After leaving university, Freeman worked in Westminster as a Parliamentary Adviser at the National Farmers’ Union and as founding Secretary of the Rural Economy Group of Parliamentarians.

An early Conservative localist, in 1992 he founded the Local Identity Agency and worked around the UK with local councils campaigning for greater decentralisation, including a project on rural regeneration in County Durham.

In 1996 he sold the LIA to Polecon Europe LTD and returned to the burgeoning Cambridge tech cluster where he began a 15 year career founding and financing high-growth biomedical start-ups:

Managing Director, Transmo Citycard (1996-1997)

Director of Early Stage Ventures, Merlin Biosciences (1997-2001)

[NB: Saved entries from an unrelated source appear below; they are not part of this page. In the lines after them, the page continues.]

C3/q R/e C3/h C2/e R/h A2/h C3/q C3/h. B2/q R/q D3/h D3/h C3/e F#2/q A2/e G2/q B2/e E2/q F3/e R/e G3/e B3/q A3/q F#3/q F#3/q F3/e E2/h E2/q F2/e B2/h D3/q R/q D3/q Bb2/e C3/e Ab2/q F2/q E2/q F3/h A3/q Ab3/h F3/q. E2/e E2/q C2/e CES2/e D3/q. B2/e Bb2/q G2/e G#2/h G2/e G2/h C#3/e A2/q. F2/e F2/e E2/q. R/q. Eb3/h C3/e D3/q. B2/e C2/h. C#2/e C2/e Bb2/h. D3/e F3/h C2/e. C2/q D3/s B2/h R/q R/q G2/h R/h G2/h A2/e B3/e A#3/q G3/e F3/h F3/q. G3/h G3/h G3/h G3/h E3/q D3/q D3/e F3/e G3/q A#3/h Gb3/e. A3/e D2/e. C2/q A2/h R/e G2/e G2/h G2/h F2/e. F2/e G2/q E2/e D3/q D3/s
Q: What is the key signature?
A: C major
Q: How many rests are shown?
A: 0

CEO, Amedis Pharma (2001-2003)

Founder & MD, 4D Biomedical (2003-2010). He worked around the UK putting together translational medical research collaborations with UK Universities, Hopsitals and Life Science Companies. 
 

 

Early & Personal Life

Freeman has written about how his politics has been shaped by his early life experience of a broken home and family turmoil. Born to jump jockey Arthur Freeman and debutante Joanna Philipson in 1967, his parents divorced soon after he was born and he had no contact with his father until he reached adulthood, growing up as a ward of court.  A campaigner for NACOA and child stammerers, Freeman has spoken powerfully about how his experiences as a child career of his then alcoholic mother with an absent father shaped his core Conservative values of the  responsibility of privilege. On the 60th anniversary of his father’s Grand National win in 1958, he founded The Bridge of Hope project to help people who have suffered a life collapse have a chance of a job in racing.  In 2009 he bought back at auction the trophy his father received as winner of the 1958 Grand National.

He counts 19th-century Prime Minister William Ewart Gladstone as his great-great-great-uncle, and his great aunt was Mabel Philipson, the first British Conservative woman in Parliament after the American Nancy Astor. 

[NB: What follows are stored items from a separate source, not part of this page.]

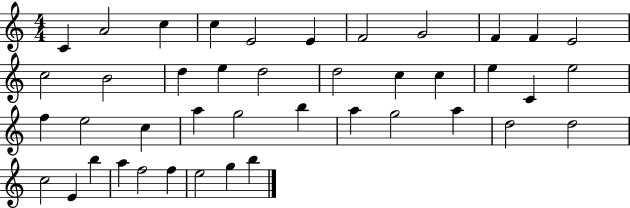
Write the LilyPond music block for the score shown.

{
  \clef treble
  \numericTimeSignature
  \time 4/4
  \key c \major
  c'4 a'2 c''4 | c''4 e'2 e'4 | f'2 g'2 | f'4 f'4 e'2 | \break c''2 b'2 | d''4 e''4 d''2 | d''2 c''4 c''4 | e''4 c'4 e''2 | \break f''4 e''2 c''4 | a''4 g''2 b''4 | a''4 g''2 a''4 | d''2 d''2 | \break c''2 e'4 b''4 | a''4 f''2 f''4 | e''2 g''4 b''4 | \bar "|."
}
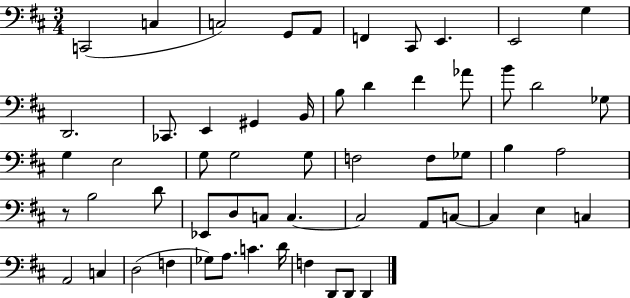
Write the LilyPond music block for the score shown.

{
  \clef bass
  \numericTimeSignature
  \time 3/4
  \key d \major
  c,2( c4 | c2) g,8 a,8 | f,4 cis,8 e,4. | e,2 g4 | \break d,2. | ces,8. e,4 gis,4 b,16 | b8 d'4 fis'4 aes'8 | b'8 d'2 ges8 | \break g4 e2 | g8 g2 g8 | f2 f8 ges8 | b4 a2 | \break r8 b2 d'8 | ees,8 d8 c8 c4.~~ | c2 a,8 c8~~ | c4 e4 c4 | \break a,2 c4 | d2( f4 | ges8) a8. c'4. d'16 | f4 d,8 d,8 d,4 | \break \bar "|."
}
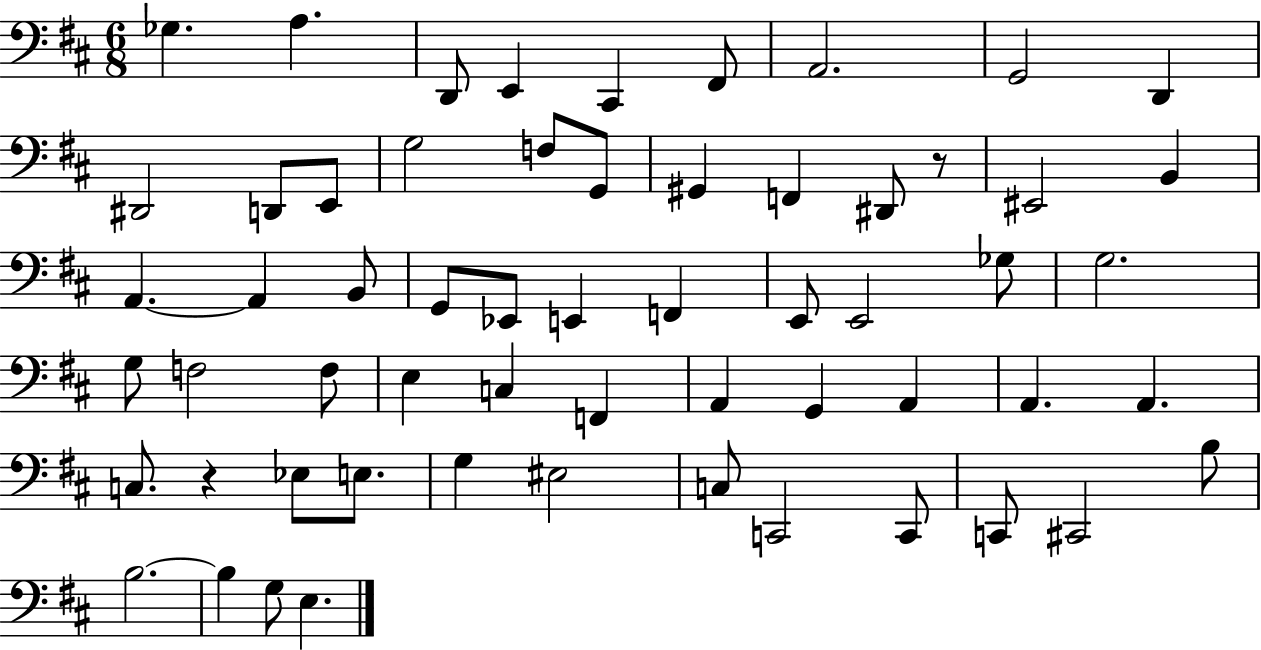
Gb3/q. A3/q. D2/e E2/q C#2/q F#2/e A2/h. G2/h D2/q D#2/h D2/e E2/e G3/h F3/e G2/e G#2/q F2/q D#2/e R/e EIS2/h B2/q A2/q. A2/q B2/e G2/e Eb2/e E2/q F2/q E2/e E2/h Gb3/e G3/h. G3/e F3/h F3/e E3/q C3/q F2/q A2/q G2/q A2/q A2/q. A2/q. C3/e. R/q Eb3/e E3/e. G3/q EIS3/h C3/e C2/h C2/e C2/e C#2/h B3/e B3/h. B3/q G3/e E3/q.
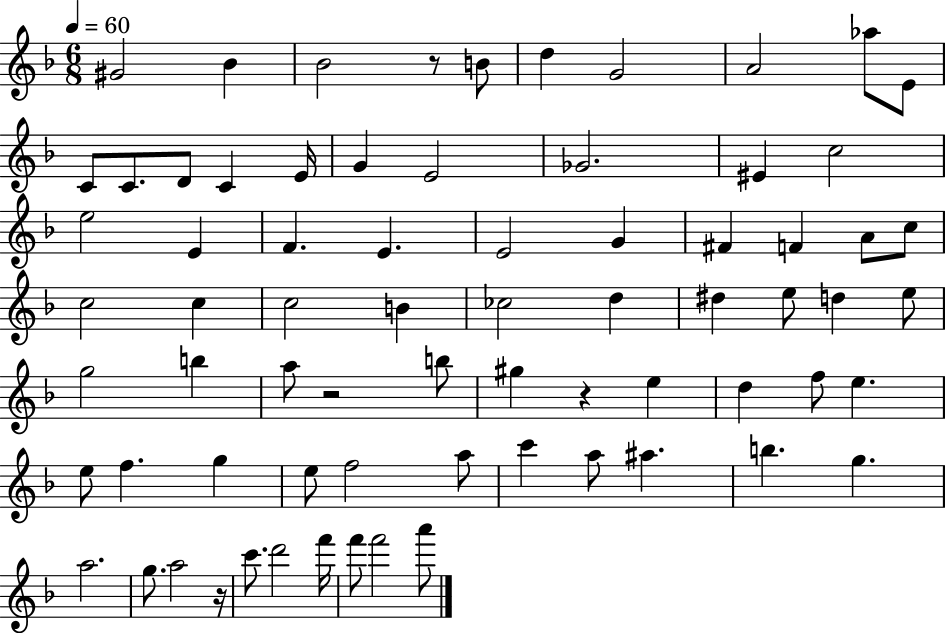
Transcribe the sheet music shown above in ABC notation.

X:1
T:Untitled
M:6/8
L:1/4
K:F
^G2 _B _B2 z/2 B/2 d G2 A2 _a/2 E/2 C/2 C/2 D/2 C E/4 G E2 _G2 ^E c2 e2 E F E E2 G ^F F A/2 c/2 c2 c c2 B _c2 d ^d e/2 d e/2 g2 b a/2 z2 b/2 ^g z e d f/2 e e/2 f g e/2 f2 a/2 c' a/2 ^a b g a2 g/2 a2 z/4 c'/2 d'2 f'/4 f'/2 f'2 a'/2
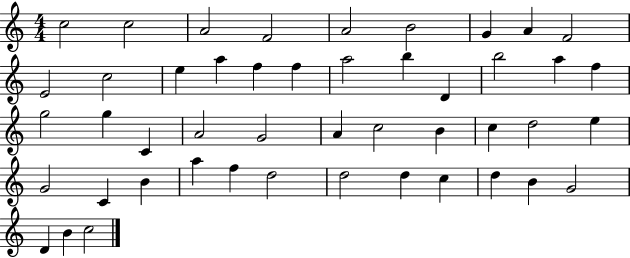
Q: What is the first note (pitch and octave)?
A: C5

Educated at Radley College, Oxford and Girton College, Cambridge, he graduated in 1989. 

Before and after Cambridge, Freeman travelled extensively in Africa, the Middle East, Pakistan, Australia, New Zealand and the USA, including a 3,000 mile hitch hike from Northern Kenya to Cape Town.

Freeman was married to Eleanor from 1996 to 2016 and has a son and a daughter aged 18 and 20. They separated in 2014 citing the pressures of juggling a young family, two careers and living apart because of politics.

In 2020 Freeman married childhood friend and RSC theatre director Fiona Laird.